* What needs to be done
For each line in the records that contains "with", make a copy.
※
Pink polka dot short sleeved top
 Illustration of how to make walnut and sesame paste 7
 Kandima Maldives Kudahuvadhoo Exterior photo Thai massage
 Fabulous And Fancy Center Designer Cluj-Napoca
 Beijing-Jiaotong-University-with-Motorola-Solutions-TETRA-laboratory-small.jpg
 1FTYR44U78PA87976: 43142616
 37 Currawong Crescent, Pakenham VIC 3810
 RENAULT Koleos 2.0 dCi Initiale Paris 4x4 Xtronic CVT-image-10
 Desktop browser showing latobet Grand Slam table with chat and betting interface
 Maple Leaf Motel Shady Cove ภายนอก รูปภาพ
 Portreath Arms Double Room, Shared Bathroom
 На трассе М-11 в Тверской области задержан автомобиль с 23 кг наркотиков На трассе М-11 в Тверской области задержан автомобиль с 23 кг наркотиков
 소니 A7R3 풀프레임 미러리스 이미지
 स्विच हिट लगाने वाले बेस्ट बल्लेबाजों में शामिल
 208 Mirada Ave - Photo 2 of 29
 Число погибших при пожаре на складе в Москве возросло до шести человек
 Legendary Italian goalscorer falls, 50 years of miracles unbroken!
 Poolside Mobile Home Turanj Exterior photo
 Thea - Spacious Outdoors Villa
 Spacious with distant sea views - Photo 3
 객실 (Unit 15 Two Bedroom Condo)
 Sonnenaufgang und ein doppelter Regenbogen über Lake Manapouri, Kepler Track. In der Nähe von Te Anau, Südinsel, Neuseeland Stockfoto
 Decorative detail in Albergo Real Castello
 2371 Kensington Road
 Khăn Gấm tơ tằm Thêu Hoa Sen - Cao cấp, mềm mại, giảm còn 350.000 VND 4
※
* Response to this task
 Beijing-Jiaotong-University-with-Motorola-Solutions-TETRA-laboratory-small.jpg
 Desktop browser showing latobet Grand Slam table with chat and betting interface
 Spacious with distant sea views - Photo 3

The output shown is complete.